▸ **ENTRIES SUPPLIED**:
^^^^^^^^^^^^^^^^

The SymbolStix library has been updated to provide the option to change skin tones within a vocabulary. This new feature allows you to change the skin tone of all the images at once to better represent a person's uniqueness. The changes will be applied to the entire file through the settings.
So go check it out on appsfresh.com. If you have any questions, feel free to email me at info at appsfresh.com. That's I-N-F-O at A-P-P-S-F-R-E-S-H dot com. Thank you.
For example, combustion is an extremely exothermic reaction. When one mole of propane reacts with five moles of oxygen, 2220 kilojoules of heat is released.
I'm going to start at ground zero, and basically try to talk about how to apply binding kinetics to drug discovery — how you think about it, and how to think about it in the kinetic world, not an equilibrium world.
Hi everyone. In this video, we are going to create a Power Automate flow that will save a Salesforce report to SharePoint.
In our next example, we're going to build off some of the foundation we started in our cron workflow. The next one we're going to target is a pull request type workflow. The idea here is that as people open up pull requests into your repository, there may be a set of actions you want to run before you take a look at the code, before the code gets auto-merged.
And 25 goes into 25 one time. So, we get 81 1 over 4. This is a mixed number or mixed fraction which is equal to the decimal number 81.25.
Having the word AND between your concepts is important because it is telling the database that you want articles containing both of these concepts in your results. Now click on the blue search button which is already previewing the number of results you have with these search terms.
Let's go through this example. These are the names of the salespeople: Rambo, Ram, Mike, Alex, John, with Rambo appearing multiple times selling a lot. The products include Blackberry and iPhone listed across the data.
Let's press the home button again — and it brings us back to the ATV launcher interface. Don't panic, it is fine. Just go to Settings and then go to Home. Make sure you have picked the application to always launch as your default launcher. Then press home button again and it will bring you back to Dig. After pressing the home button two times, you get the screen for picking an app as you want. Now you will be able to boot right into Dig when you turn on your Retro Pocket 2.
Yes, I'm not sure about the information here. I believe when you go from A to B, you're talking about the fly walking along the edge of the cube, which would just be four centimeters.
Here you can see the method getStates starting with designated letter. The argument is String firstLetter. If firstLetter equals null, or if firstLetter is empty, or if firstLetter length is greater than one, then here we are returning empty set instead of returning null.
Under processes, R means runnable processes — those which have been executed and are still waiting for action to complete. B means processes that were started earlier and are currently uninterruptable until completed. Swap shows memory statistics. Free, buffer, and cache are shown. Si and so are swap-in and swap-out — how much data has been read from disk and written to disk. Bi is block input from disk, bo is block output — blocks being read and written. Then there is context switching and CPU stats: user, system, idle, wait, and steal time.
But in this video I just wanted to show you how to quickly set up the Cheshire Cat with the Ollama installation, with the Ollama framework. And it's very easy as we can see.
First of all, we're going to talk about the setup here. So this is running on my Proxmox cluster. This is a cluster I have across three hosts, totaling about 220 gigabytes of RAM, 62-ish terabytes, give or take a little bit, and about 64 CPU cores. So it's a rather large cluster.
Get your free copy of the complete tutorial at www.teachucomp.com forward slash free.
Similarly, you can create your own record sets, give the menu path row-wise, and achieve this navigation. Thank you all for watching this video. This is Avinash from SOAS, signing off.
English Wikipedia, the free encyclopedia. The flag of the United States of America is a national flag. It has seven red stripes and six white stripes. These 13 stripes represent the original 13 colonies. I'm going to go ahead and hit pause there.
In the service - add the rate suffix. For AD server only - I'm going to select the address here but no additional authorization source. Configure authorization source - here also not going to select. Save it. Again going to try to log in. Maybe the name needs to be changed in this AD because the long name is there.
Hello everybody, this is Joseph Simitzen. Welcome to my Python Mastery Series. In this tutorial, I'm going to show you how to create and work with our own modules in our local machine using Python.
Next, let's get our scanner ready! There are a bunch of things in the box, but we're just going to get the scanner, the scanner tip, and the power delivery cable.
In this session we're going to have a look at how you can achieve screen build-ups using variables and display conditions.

^^^^^^^^^^^^^^^^

▸ **WORK REQUIRED**: Look back at the entries above and repeat, unchanged, every line from the line holding "Yes, I'm not" through the line holding "Here you can".

▸ **ANSWER TO THE PROBLEM**:
Yes, I'm not sure about the information here. I believe when you go from A to B, you're talking about the fly walking along the edge of the cube, which would just be four centimeters.
Here you can see the method getStates starting with designated letter. The argument is String firstLetter. If firstLetter equals null, or if firstLetter is empty, or if firstLetter length is greater than one, then here we are returning empty set instead of returning null.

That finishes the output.